*** Source information ***

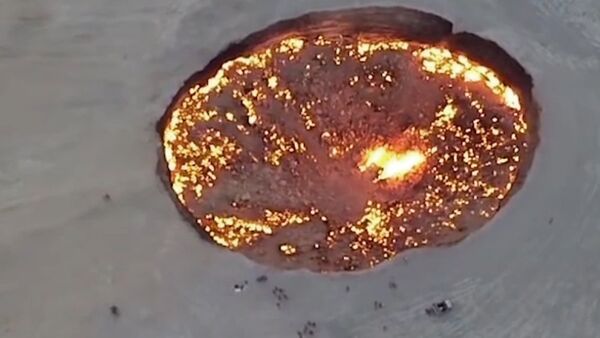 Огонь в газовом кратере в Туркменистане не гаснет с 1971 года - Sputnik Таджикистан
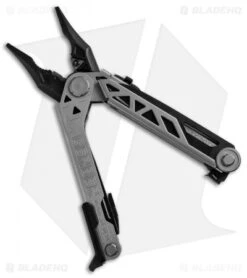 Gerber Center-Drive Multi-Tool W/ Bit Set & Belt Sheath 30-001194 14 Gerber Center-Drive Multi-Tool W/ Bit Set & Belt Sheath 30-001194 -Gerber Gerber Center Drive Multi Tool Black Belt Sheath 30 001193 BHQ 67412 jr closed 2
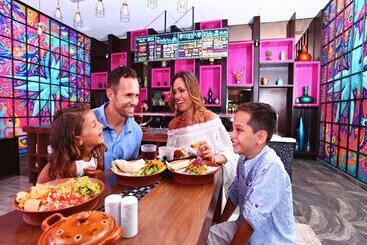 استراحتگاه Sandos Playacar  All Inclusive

*** End of Source information ***
*** Source information ***

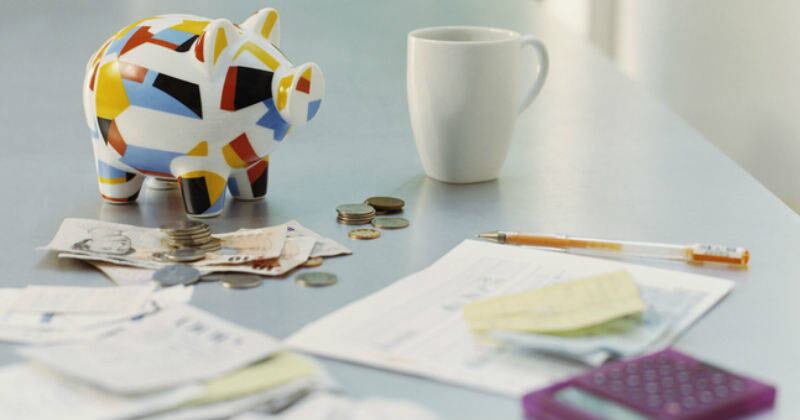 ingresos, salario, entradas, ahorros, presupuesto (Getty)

*** End of Source information ***

Excerpt from the records above: set down only the lines from the one that contains "Огонь в газовом" through the one that contains "استراحتگاه Sandos Playacar", inclusive, word for word. Pictures stay out.

Expected answer -
 Огонь в газовом кратере в Туркменистане не гаснет с 1971 года - Sputnik Таджикистан
 Gerber Center-Drive Multi-Tool W/ Bit Set & Belt Sheath 30-001194 14 Gerber Center-Drive Multi-Tool W/ Bit Set & Belt Sheath 30-001194 -Gerber Gerber Center Drive Multi Tool Black Belt Sheath 30 001193 BHQ 67412 jr closed 2
 استراحتگاه Sandos Playacar  All Inclusive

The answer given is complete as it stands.